■ DATA SECTION ■
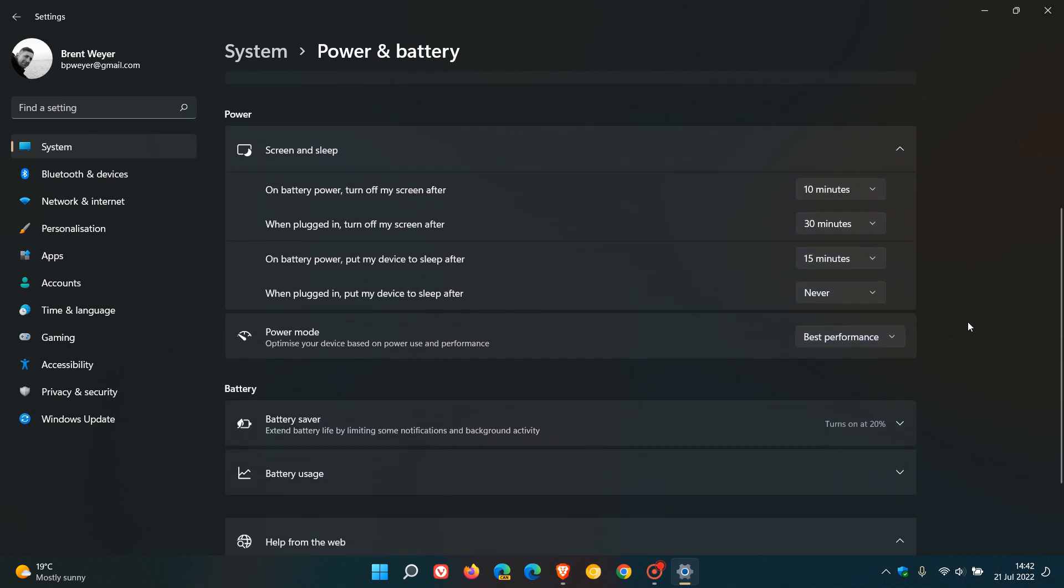As you can see, I'm running a laptop so I have two extra options. If you're running a laptop you'll see four options here. If you're running a desktop you'll see two options.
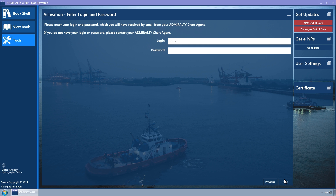The Enter Login and Password wizard page is displayed. Enter the login and password which will have been sent via email from your Admiralty chart agent.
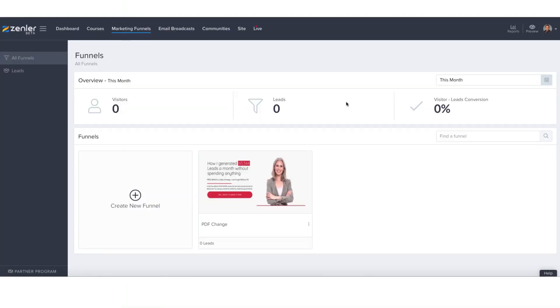Okay, in this tutorial we're going to be showing you how to change a PDF within one of your marketing funnels. So let's say you've set up a marketing funnel and you're giving away a freebie giveaway, and you've decided now it's time to update it or you'd like to give away a different freebie.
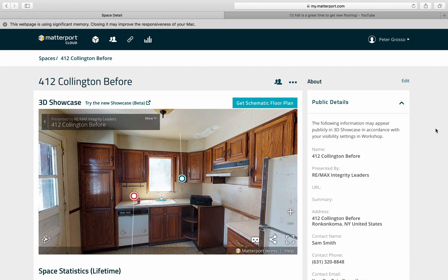Hi everybody, we are here to look at how to edit a Matterport layout for one of your listings. Congratulations on that listing first of all, and thanks for using the Matterport camera. I'm excited that people are actually using it. You're going to go into the login — I'll make a separate video about the login.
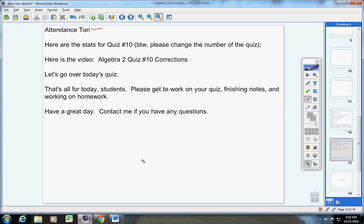That's it guys. Please get to work on your quiz, finishing your notes, and working on homework. Have a great day today. Contact me if you have any questions at all.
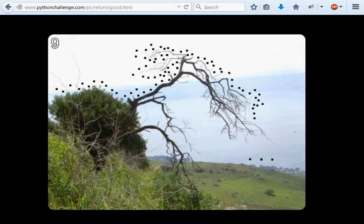Hey, what's up, everybody? Welcome back to another Python programming video. We're looking at the Python challenge, moving on to challenge number nine.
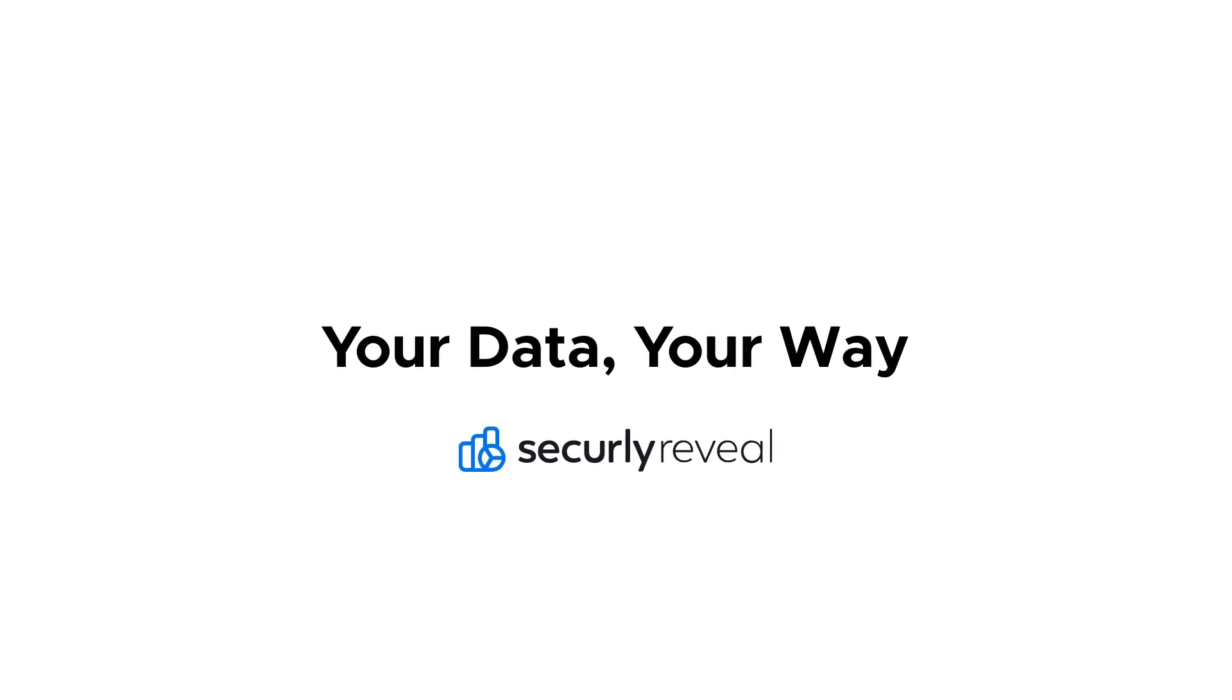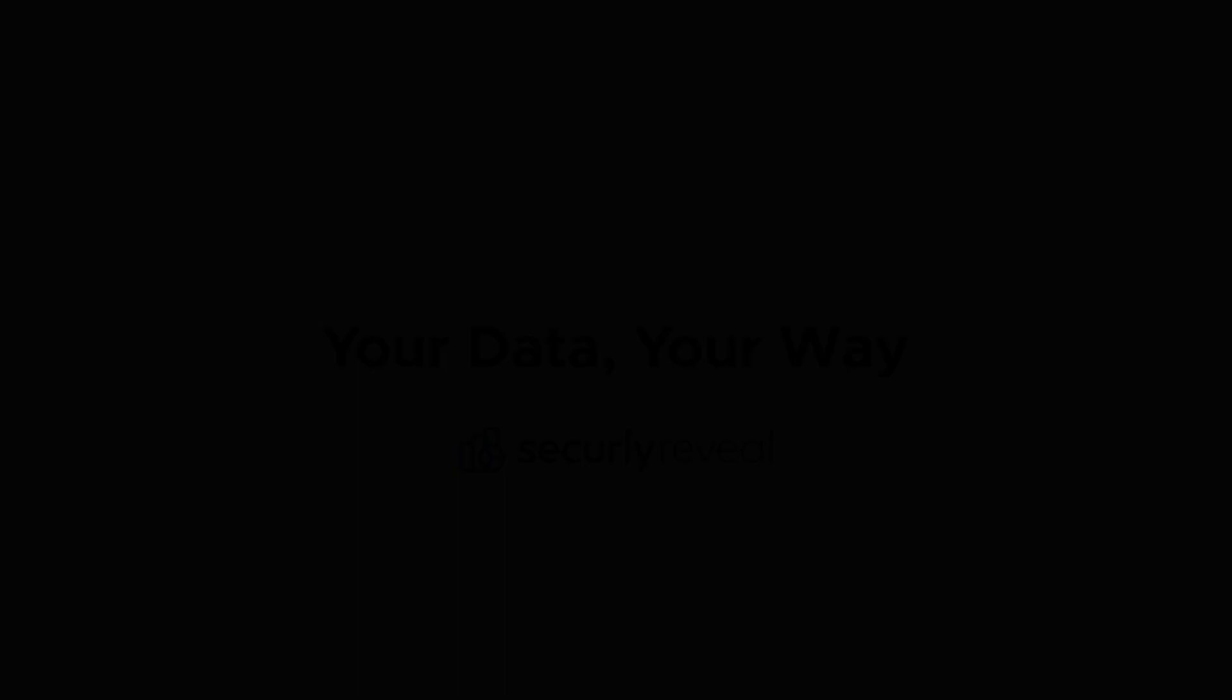Introducing SecurelyReveal, the solution that empowers you to view your student usage data your way.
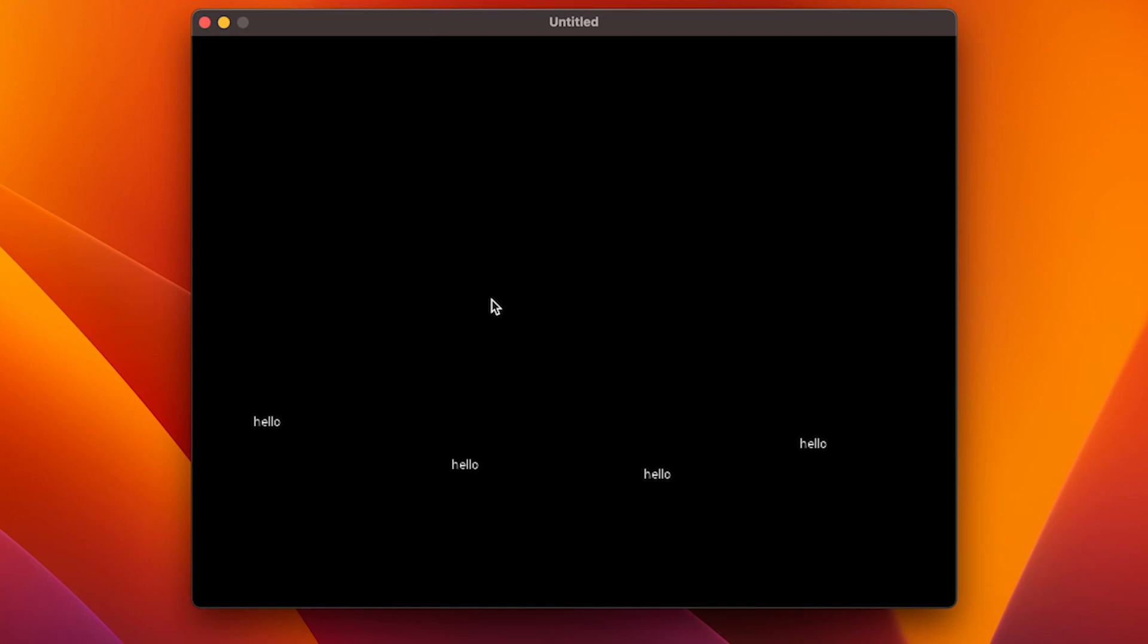So what now should happen is when I start the game, we should see that every second a new hello is added somewhere on our canvas. So let's try that. And as you can see, every second hello is drawn. So now that we have an actual timer function we can use to progress our animation, let's build the animation.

■ WORK ORDER ■
Take the lines above from the top of the records through the one with "The Enter Login" and repeat them exactly, without any pictures.

■ RESULT OF THIS TASK ■
As you can see, I'm running a laptop so I have two extra options. If you're running a laptop you'll see four options here. If you're running a desktop you'll see two options.
The Enter Login and Password wizard page is displayed. Enter the login and password which will have been sent via email from your Admiralty chart agent.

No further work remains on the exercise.